__Exercise requirements__
Nothing but the lines from the one with "thumbnail image 4" down to the one with "Bir insan tarafından" should be returned, exactly and with both ends included, from the material below.

__Data provided__
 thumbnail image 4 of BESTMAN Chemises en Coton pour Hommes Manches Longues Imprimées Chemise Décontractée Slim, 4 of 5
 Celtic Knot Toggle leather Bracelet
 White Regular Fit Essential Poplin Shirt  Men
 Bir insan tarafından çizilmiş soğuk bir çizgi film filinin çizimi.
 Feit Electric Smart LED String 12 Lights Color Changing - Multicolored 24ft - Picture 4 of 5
* * *
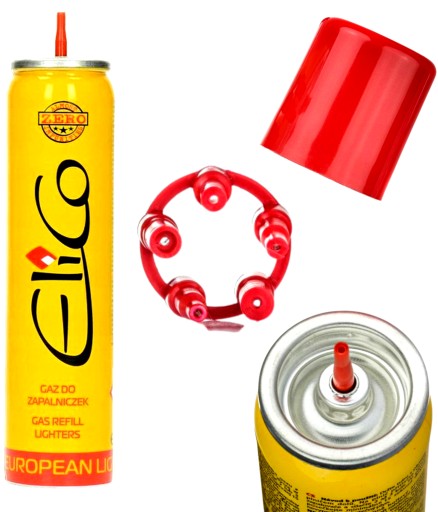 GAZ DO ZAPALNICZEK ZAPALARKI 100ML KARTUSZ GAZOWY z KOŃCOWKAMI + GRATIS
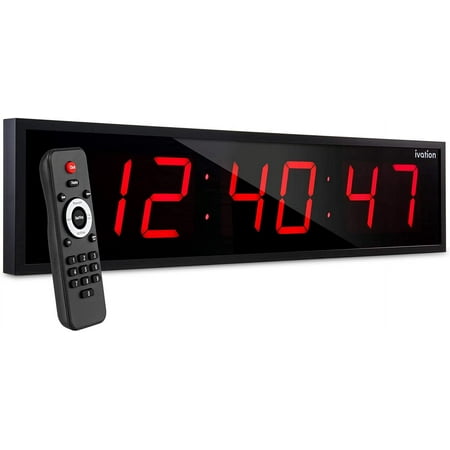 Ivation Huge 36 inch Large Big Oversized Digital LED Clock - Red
---
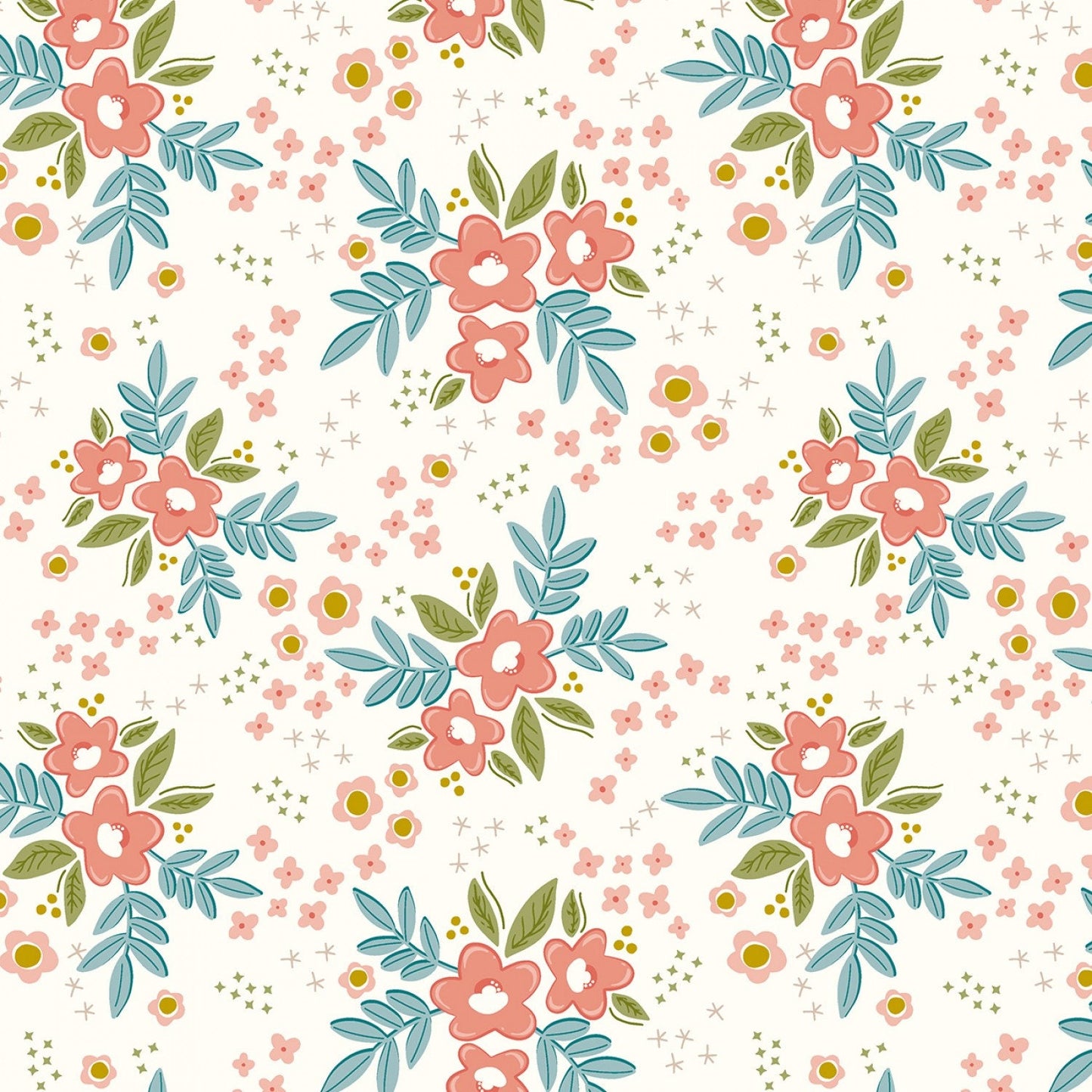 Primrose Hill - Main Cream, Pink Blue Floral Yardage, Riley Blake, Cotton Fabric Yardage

__Answer section__
 thumbnail image 4 of BESTMAN Chemises en Coton pour Hommes Manches Longues Imprimées Chemise Décontractée Slim, 4 of 5
 Celtic Knot Toggle leather Bracelet
 White Regular Fit Essential Poplin Shirt  Men
 Bir insan tarafından çizilmiş soğuk bir çizgi film filinin çizimi.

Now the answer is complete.